━━ DATA SUPPLIED ━━

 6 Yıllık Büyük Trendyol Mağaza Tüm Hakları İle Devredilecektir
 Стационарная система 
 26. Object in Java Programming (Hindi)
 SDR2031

━━━
━━ DATA SUPPLIED ━━

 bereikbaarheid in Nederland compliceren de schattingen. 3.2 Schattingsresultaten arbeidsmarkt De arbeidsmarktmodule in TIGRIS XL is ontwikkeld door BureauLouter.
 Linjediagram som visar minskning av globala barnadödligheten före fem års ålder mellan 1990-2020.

━━━

**EXERCISE GOAL:** What is asked for is an exact copy of the lines above from the one containing "bereikbaarheid in Nederland" through the one containing "Linjediagram som visar", and only those.

**YOUR RESPONSE:**
 bereikbaarheid in Nederland compliceren de schattingen. 3.2 Schattingsresultaten arbeidsmarkt De arbeidsmarktmodule in TIGRIS XL is ontwikkeld door BureauLouter.
 Linjediagram som visar minskning av globala barnadödligheten före fem års ålder mellan 1990-2020.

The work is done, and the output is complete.